Down pillows can be washed... well, at least my down sleeping bags have been washed. The trick is the drying... the secret being to also wash a sneaker, and throw that in the dryer to tumble with the down item as it dries... breaks up the clumped-together feathers.
The polyfiber pillows can also be washed and tumble-dried... I know because I also have a sweaty head, so I know all too well the situation as described.


----------



## MARC2012 (Mar 17, 2008)

Have also washed both.Thump is anoying though.marc


----------



## tdw (Oct 2, 2006)

You can buy things called pillow protectors. Same deal as a mattress protector, so it would be able to absorb a fair amount of sweat and if washed regularly should solve your problem. 

I much prefer feather pillows I confess. When we bought Raven we went synthetic but after five years I realised that she has very low moisture content in the cabin and am now trying out feather. I'm figuring on having the pillows (and doona) dry cleaned once a year, will see how it turns out. On previous boat I did use a feather sleeping bag as a doona. Provided it was aired/laundered regularly I had no problems, nor did we / do we have any problems with cotton sheets. 

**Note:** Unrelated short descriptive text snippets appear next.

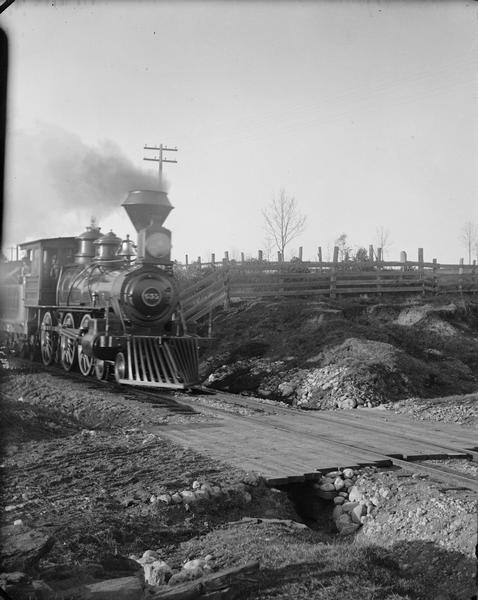 Kilbourn; little wood burner locomotive (train engine) at crossing.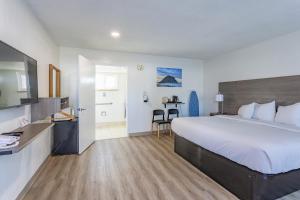 a hotel room with a large bed and a kitchen at Coastal Breeze Inn in Morro Bay
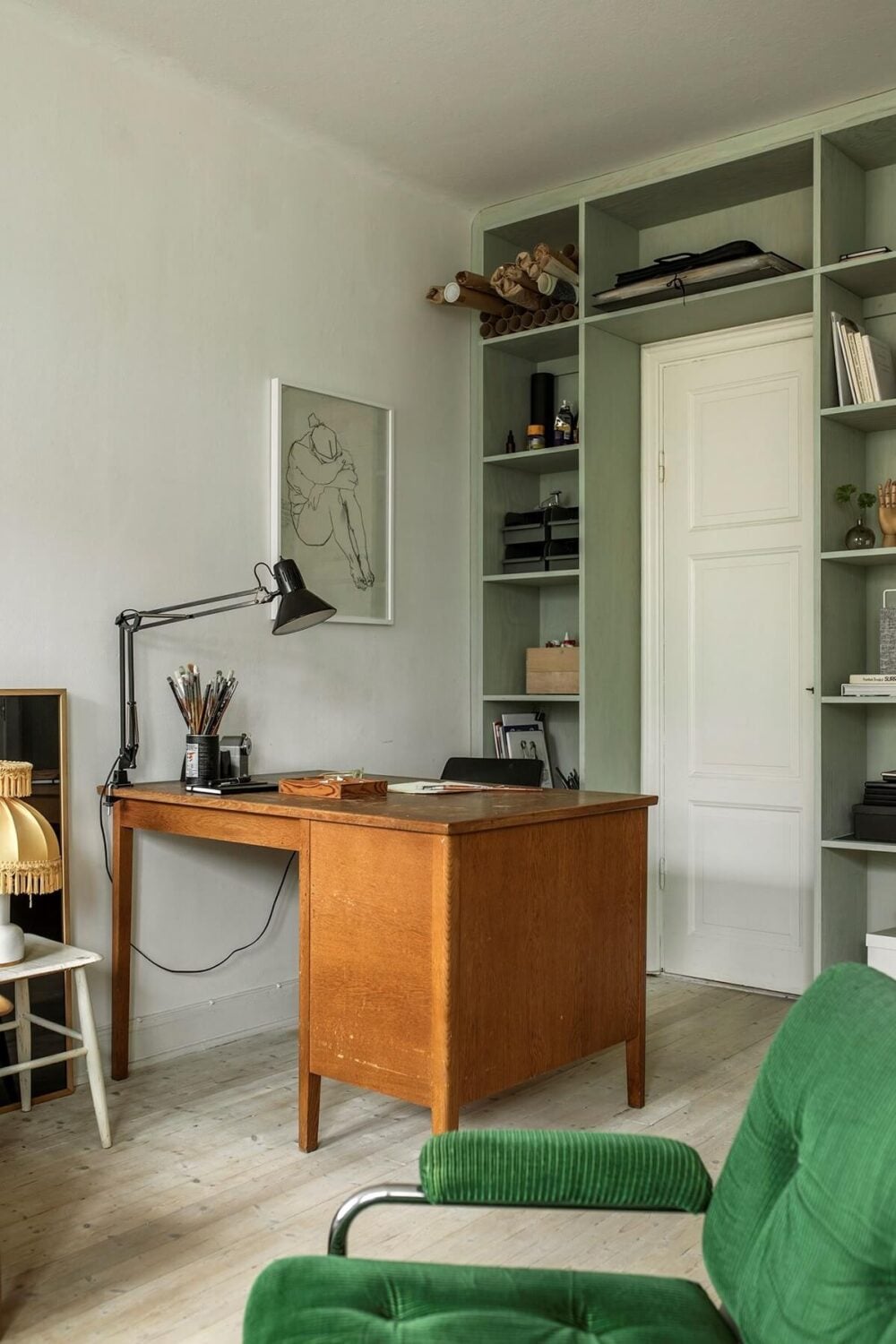 A Small Swedish Apartment Decorated in Midcentury Style 4 living-room-bespoke-green-bookcase-vintage-desk-nordroom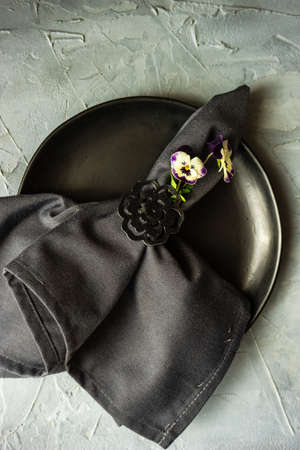 Table setting for holiday easter dinner decorated with spring viola flowersの写真素材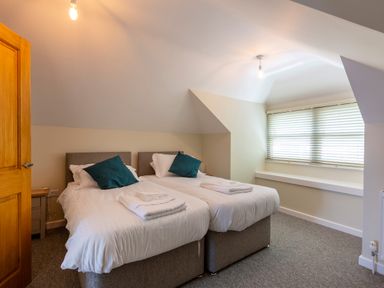 A bedroom with two single beds pushed together with white bedding teal pillows and folded towels by a window with blinds at Rocky Close in St Ives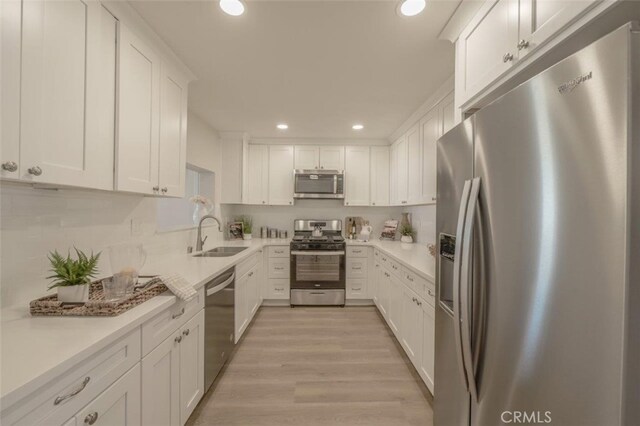 kitchen with stainless steel appliances, light hardwood / wood-style floors, white cabinets, and sink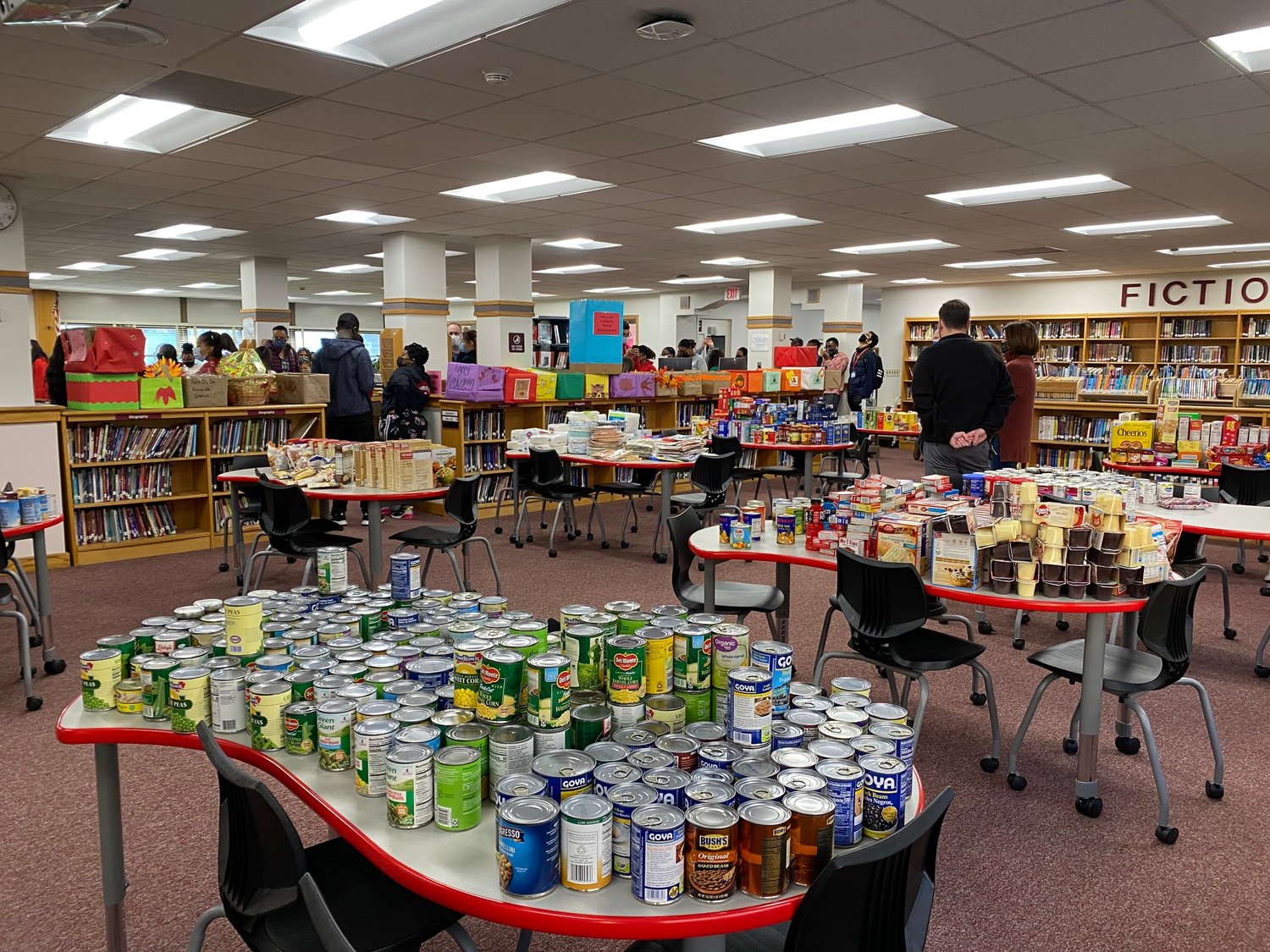 The South High School library was filled with donated food items from the community.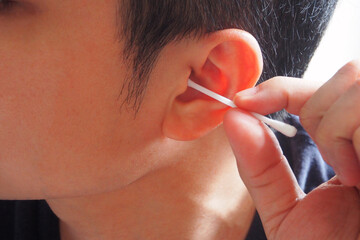 Man using white cotton buds or cotton swabs cleaning his ear canal and earwax at home for...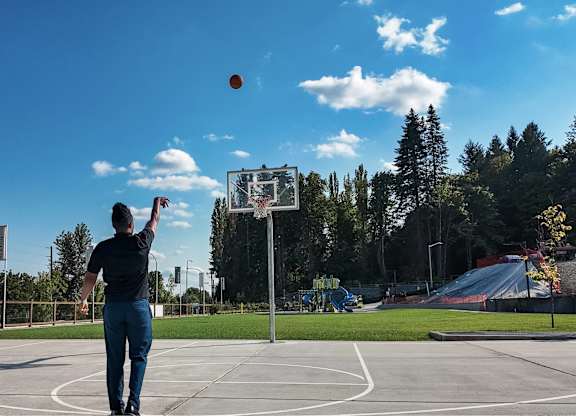 A man is playing basketball on an outdoor court.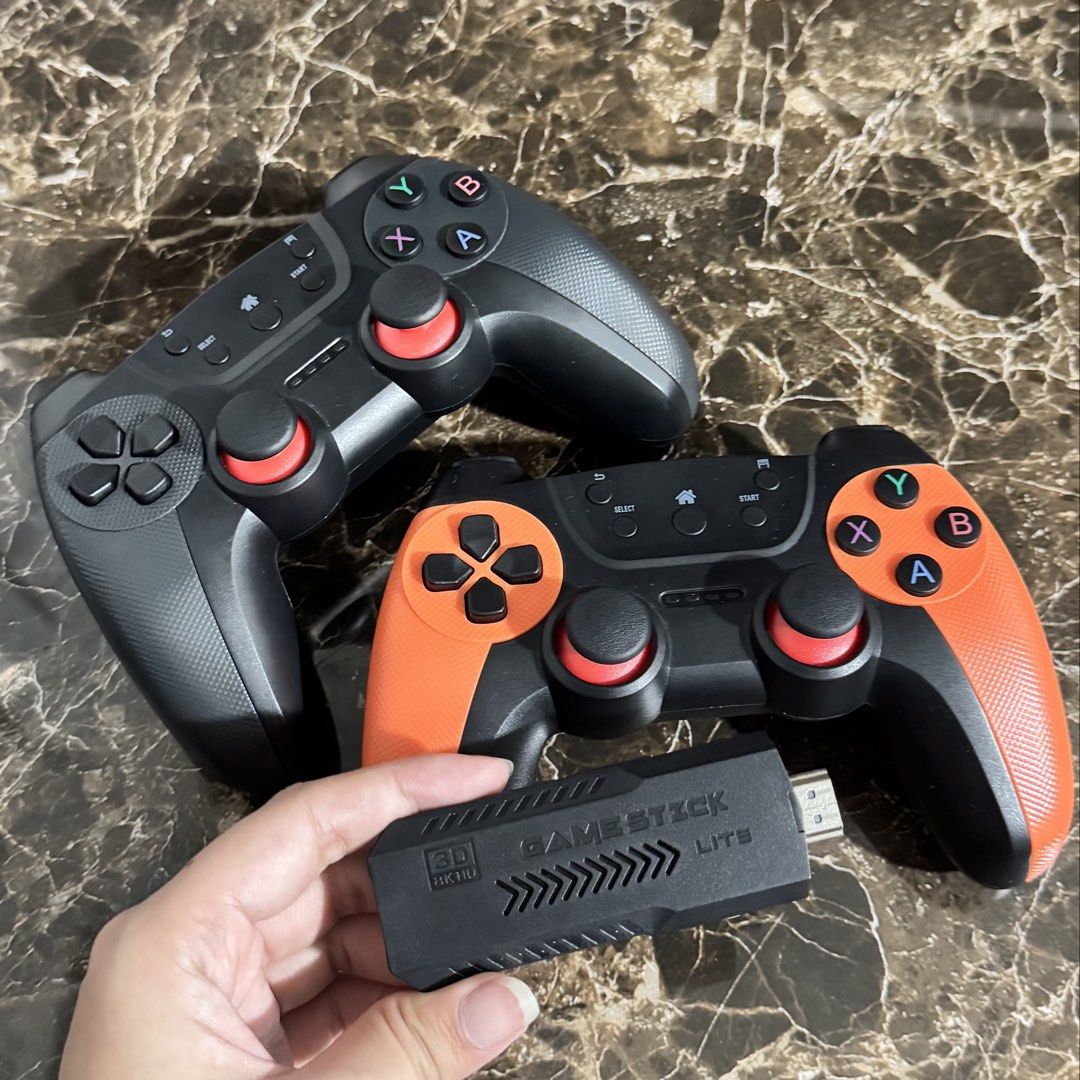 Game Stick Lite with Wireless Controllers (Category: Controllers) located in Rodriguez. Submitted by coleenlopezz (Listing ID 1466950850, Image 1). Description: - Complete retro gaming setup: includes HDMI game stick and 2 wireless controllers - Unique controller design: 1 fully black with red thumbsticks, 1 featuring bright orange grips - Plug-and-play: plugs directly into your TV's HDMI port for instant gaming - Game library: packed with classi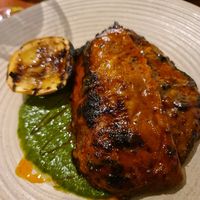 FIRE ROASTED CHICKEN, BASTED IN A FERMENTED PERI PERI
SAUCE.SERVED WITH CHIMICHURRI
 at Lona Misa in South Yarra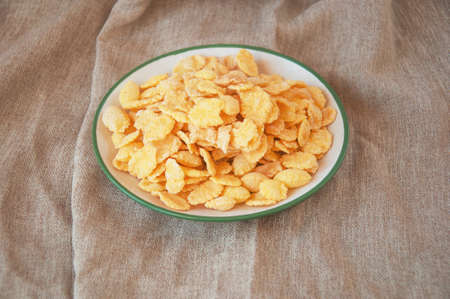 cornflakes in a bowl on textile backgroundの写真素材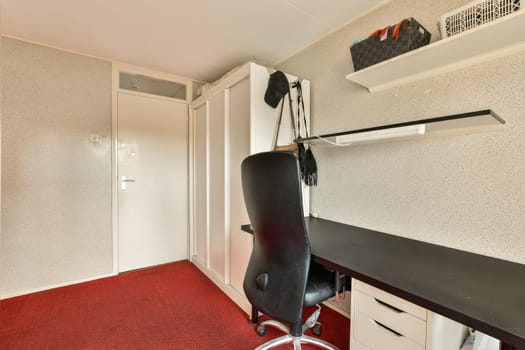 a room with a desk and a chair in it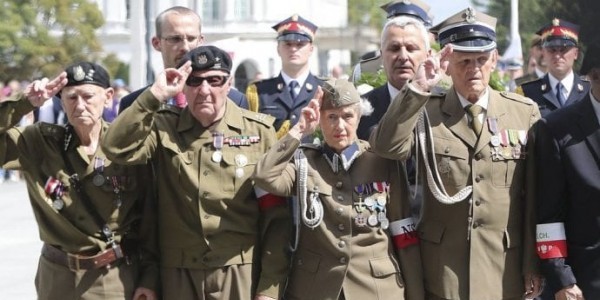 Polish president, ruling party officials pay tribute to wartime force in pitch to right-wing voters; country’s chief rabbi calls ceremony ‘dangerous’ historical revisionism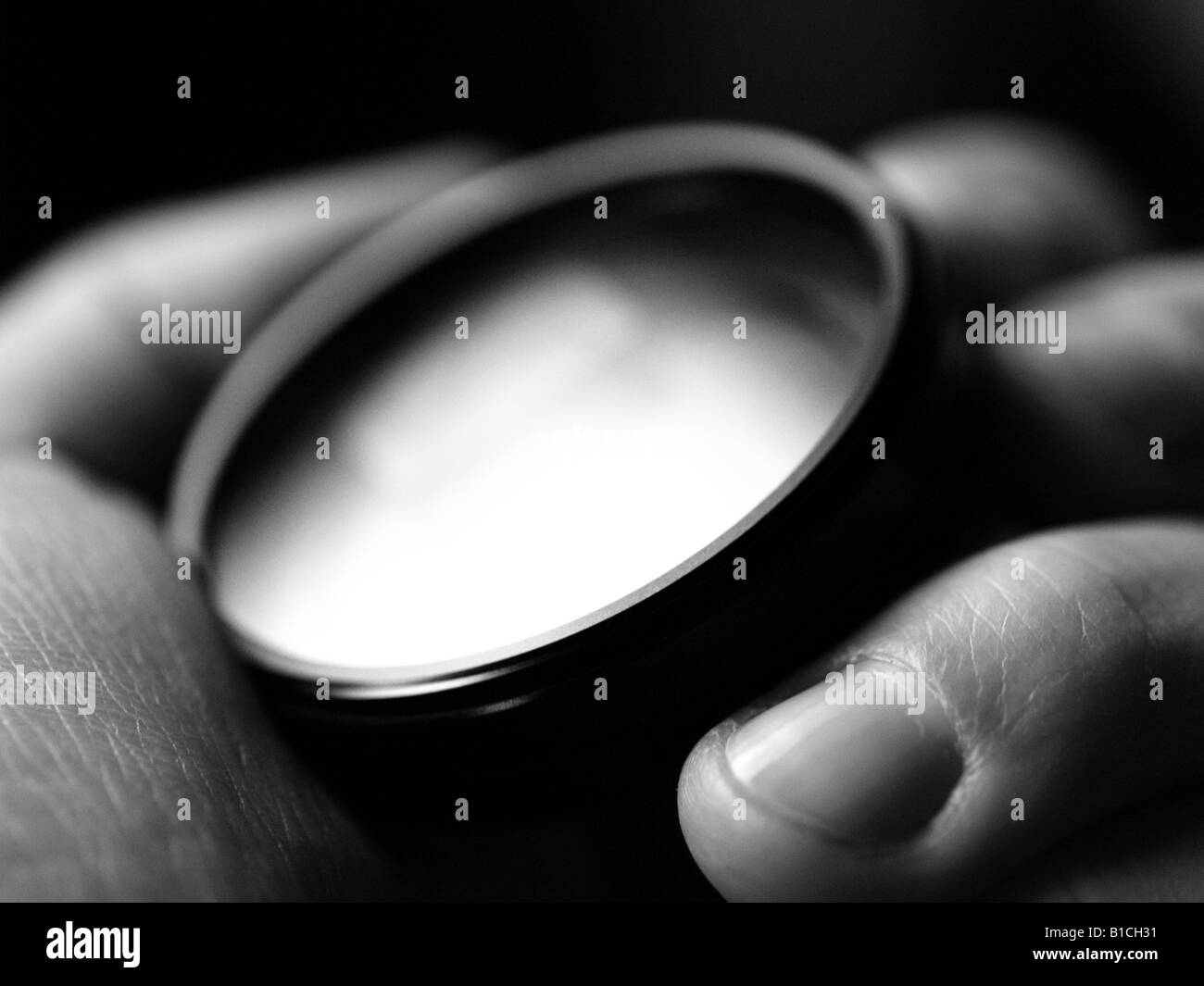 Black and white close-up of hand holding a UV filter lens. Stock Photo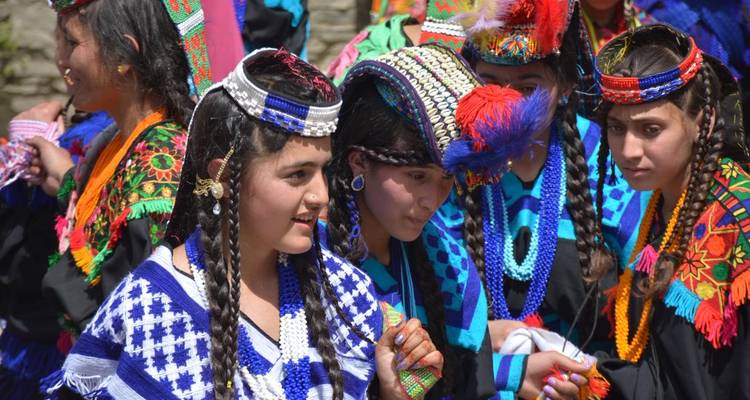 Kalash-Mädchen in leuchtenden traditionellen Kostümen und Perlenarbeiten während eines Kulturfestivals in Chitral.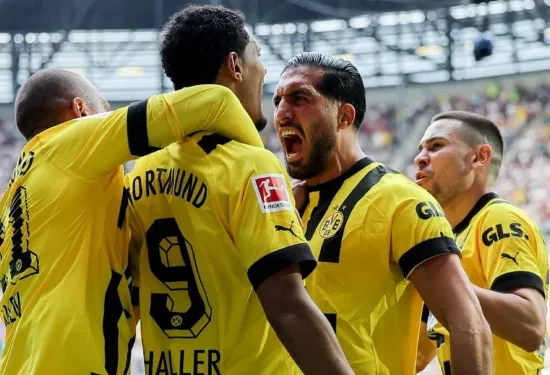 Dortmund one win from Bundesliga title as Haller double defeats Augsburg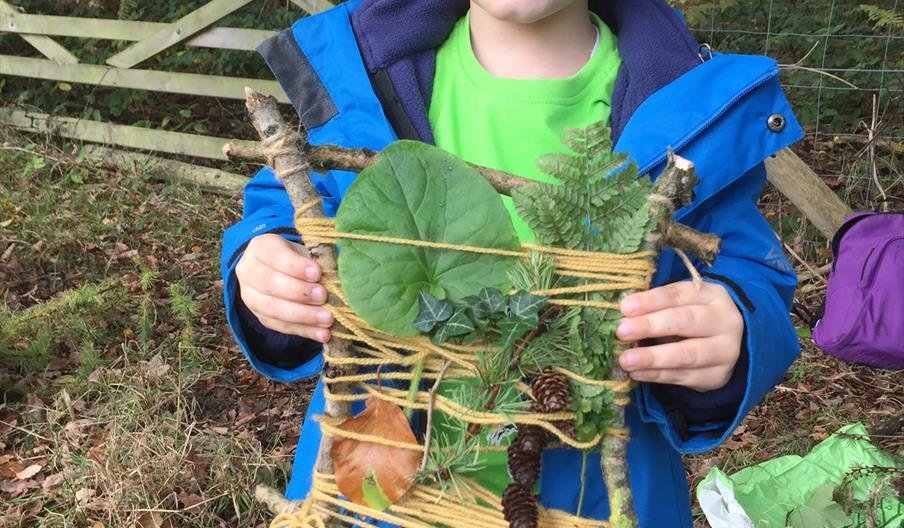 Little boy showing he nature collage made of natural objects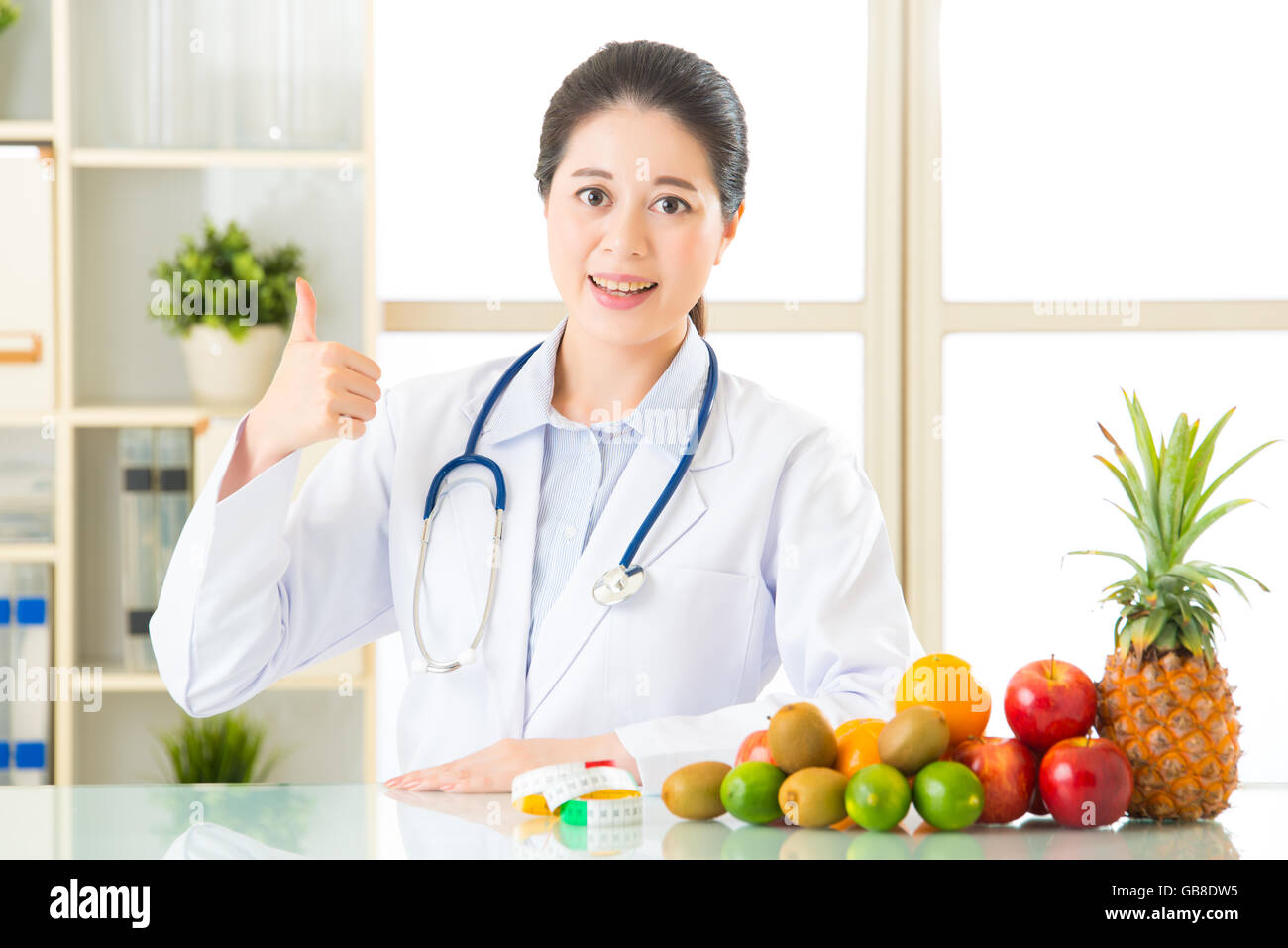Young asian nutritionist eating an apple hi-res stock photography and ...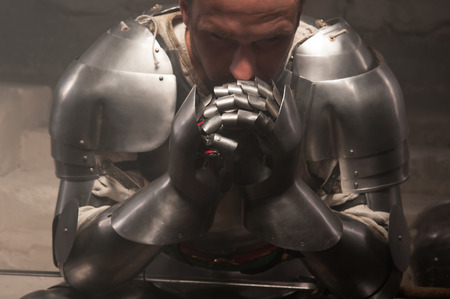 Closeup portrait of medieval knight armor glove holding sword, dark backgroundの写真素材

TQA.....my beef with synthetics is that they make me sweat.....are you sure your perspiring is not due to the makeup of the pillows or the pillow cases ? Some people react worse than others to synthetics, I've yet to find a synthetic garment that I can wear and still feel comfortable.


----------



## TQA (Apr 4, 2009)

tdw said:


> TQA.....my beef with synthetics is that they make me sweat.....are you sure your perspiring is not due to the makeup of the pillows or the pillow cases ? .


They are synthetic filled but I use two cotton pillowcases.


----------



## TQA (Apr 4, 2009)

UPDATE

Finally found a DIY laundry in Bequia and washed the pillows with some bleach as well as the usual liquid soap in a conventional large top loader.

Dried them in the wind back on the boat rather than a tumble drier and they smell fine and have not gone lumpy.

It will be interesting to see how they do.

Thank you for all the suggestions.


----------